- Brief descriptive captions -
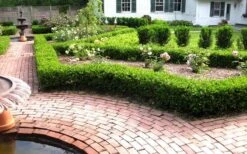 Baby Gem Boxwood - 3 Gallon Pot -SHRUBS and BUSHES Shop Picture Boxwood Baby Gem Hedges 2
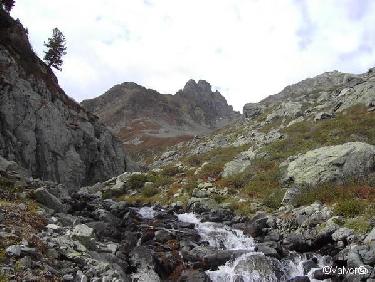 Torrent d&apos;Articol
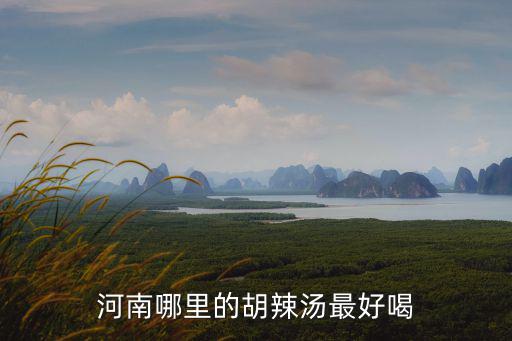 河南口碑比較好的伏特加哪里買,哪里的道口燒雞比較正宗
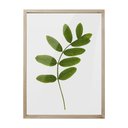 Ver imagem 1 de TELA COM IMPRESSAO DE FOLHA 30CM X 40CM X 2CM BTC Decor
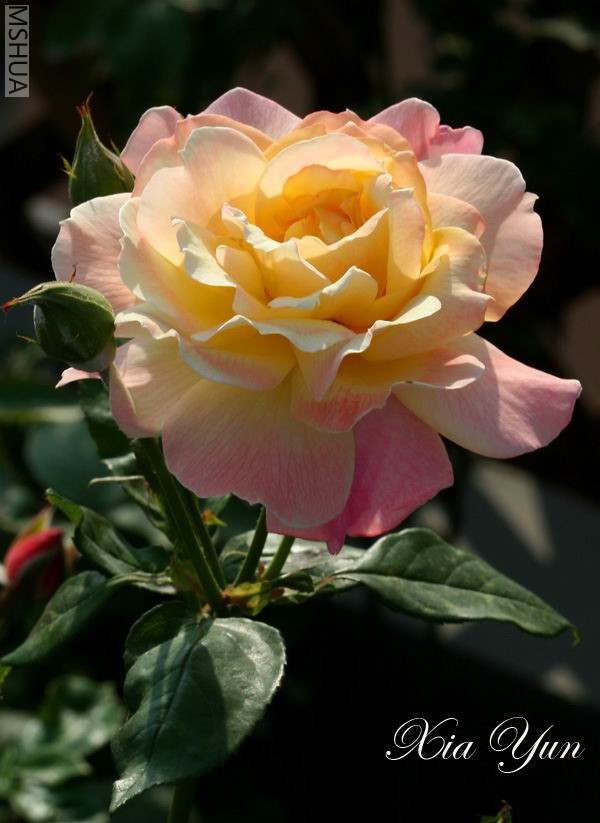 IMG_0065 ����.jpg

- What you will do -
For this exercise, write out exactly the lines from the one with "Ver imagem 1" through the last line of the records, inclusive, and leave each picture out.

- Answer box -
 Ver imagem 1 de TELA COM IMPRESSAO DE FOLHA 30CM X 40CM X 2CM BTC Decor
 IMG_0065 ����.jpg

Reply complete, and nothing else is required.